In the Gallery: Sun, Stone, Water

Wikipedia says, “Abstract art uses a visual language of shape, form, color, and line to create a composition which may exist with a degree of independence from visual references in the world.”

One of my photography teachers often talked about a quality in photographic images which he called “otherness,” which referred to ways in which an image brought up associations very different from the actual objects, forms, or persons pictured.

A visitor to Mindport once approached me about the images in a show that were similarly themed to to this one. He asked, “What are these pictures OF?” I often can’t articulate in words what the metaphoric reference is in pictures I create, so I told him they are of whatever your imagination wants to make of them. He was not at all happy with that answer and walked away grumbling. Earlier I’d also mentioned the
pictures were of water, but they didn’t look like water to him, so he wasn’t content with that answer either.

Maybe a good description of this show would be, “Sun, stone, and water as seen by camera:” A creek when viewed without the benefit of a camera does not look to most people like what these images represent.
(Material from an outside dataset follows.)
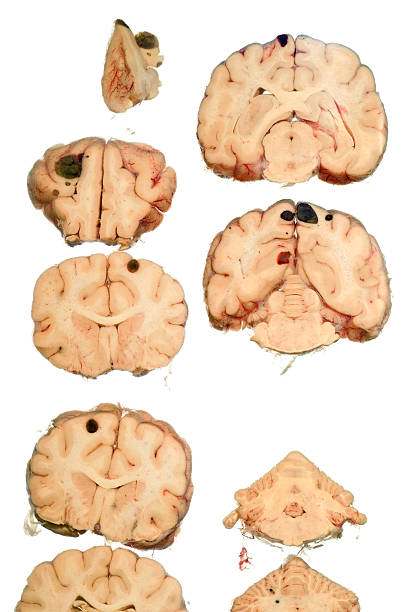 Cross section of a dogs brain. Metastasis of malign melanome in brain of Irish Setter (Male 12 years).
I shot perhaps 100 images of the water, then picked the ones I liked best. They felt like “creekness” to me, combined with other qualities of light and color that make me happy when sitting in the presence of a mountain stream on and off for five days. The creek pictured is in Montana, and runs through canyon property of friends whom we visit there frequently. We slept in a cabin about 100 feet from the water, so its rush and roar populated our dreams all night long. Add oxygen to sun, stone, and water and you have all the ingredients necessary for life, since those elements that constitute our bodies were derived from the same elements that make up stone.

During our stay near this stream, one awareness that was running continually “backstage” in my mind was the ways in which we’re busy destroying this beautiful planet that sustains our lives and all the other lives that we share it with. Periodically I’m astounded at the sort of unmitigated gall and arrogance that enables us to assault life in the ways which we’ve done so. As I write that, the first image that pops into my mind is aerial shots of the tar sands mining now occurring in Northern Alberta, Canada. This is not to lay blame on Canada any more than any other country for committing environmental suicide. The U.S., in fact, uses more energy per capita, most of it derived from fossil fuels, than any other country in the world.

So, I’d have you imagine this gallery with a creek running through it, and while doing so, keep an ear out for the contrasting stream of fossil-fueled pollution generators streaming by on Holly Street, just outside the door. If you really want to savor irony, consider that the lights which illuminate these images run on electricity generated by damming up a river, interfering with the migration of fish who, besides having a right to existence for their own sake, also feed us.

We really ARE the earth and the earth is us, so why are we destroying ourselves. ..and how do we stop doing so?